Crude oil, precious metals prices see gains
by Elaine Frei
Crude oil prices rose on Tuesday, ending back above the $90 per barrel level after declining in recent days.
January contracts for West Texas Intermediate crude added $2.16 to $90.02 per barrel at the close of trade on the New York Mercantile Exchange after going as high as $90.55 earlier.
Nymex January gasoline added 4 cents to $2.29 per gallon while January heating oil was up 4.5 cents to $2.52 per gallon and January natural gas gained 8.5 cents to $7.11 per million British thermal units.
Prices were sent higher by news that freezing weather in the US Midwest had forced the closure of several crude oil pipelines in the region, as well as by projections that Wednesday’s US inventories report will show crude stockpiles dropped again last week.
Precious metals prices were higher in New York on Tuesday ahead of the Federal Reserve’s decision to cut US interest rates to 4.25 percent, which was announced after the close of floor trade.
February gold added $3.60 to $817.10 per troy ounce on the Comex division of the New York Mercantile Exchange.
March silver, meanwhile, added 2 cents to $14.87 per troy ounce while January platinum was up $1 to $1,467.30 per troy ounce.
Base metals prices were mixed on Tuesday.
Copper prices lost less than half a cent to $3.09 per pound in New York trade, while three-month copper in London dropped $5 to $6,820 per tonne, or $3.09 per pound on significant gains in London Metal Exchange inventories during the session.

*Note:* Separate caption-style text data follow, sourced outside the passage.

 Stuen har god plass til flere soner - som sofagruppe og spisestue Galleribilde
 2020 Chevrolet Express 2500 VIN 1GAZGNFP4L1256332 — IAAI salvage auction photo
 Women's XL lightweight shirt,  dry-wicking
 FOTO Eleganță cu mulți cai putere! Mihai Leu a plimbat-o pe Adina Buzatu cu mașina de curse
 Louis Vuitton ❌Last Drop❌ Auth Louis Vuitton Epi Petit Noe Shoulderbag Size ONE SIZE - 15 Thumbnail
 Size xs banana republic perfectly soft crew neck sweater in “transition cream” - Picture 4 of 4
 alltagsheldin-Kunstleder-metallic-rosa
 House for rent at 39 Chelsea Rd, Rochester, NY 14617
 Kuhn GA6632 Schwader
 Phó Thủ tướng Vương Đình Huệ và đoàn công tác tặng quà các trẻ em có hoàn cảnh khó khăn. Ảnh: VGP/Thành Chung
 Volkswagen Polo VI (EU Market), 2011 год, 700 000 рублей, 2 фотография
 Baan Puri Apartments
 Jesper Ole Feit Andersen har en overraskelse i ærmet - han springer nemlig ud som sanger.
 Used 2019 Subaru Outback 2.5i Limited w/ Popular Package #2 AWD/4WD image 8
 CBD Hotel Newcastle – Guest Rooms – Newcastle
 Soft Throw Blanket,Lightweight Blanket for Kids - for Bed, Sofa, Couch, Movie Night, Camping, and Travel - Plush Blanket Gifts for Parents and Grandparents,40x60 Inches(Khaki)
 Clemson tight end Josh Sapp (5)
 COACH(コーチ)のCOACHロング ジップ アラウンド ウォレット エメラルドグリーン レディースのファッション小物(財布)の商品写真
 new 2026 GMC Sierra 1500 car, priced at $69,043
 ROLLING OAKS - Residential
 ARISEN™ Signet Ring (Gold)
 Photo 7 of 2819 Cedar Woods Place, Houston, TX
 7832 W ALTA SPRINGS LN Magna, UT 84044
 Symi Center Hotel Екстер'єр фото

Lead was also lower, falling $20 to $2,520 per tonne, while aluminium dropped $2 to $2,460 per tonne and tin traded even at $16,705 per tonne.
Zinc added $45 to $2,430 per tonne, while nickel prices were $400 higher to $26,700 per tonne.
Grains prices were mixed on the Chicago Board of Trade.
March wheat dropped 19 cents to $9.10 per bushel, while March CBOT corn added 6.25 cents to $4.24 per bushel and January soybeans gained 9.75 cents to $11.35 per bushel.
Earlier, soybeans was up to a 34-year high of $11.37 per bushel and corn was at $4.25 per bushel after the US Department of Agriculture issued reduced inventories estimates for both grains.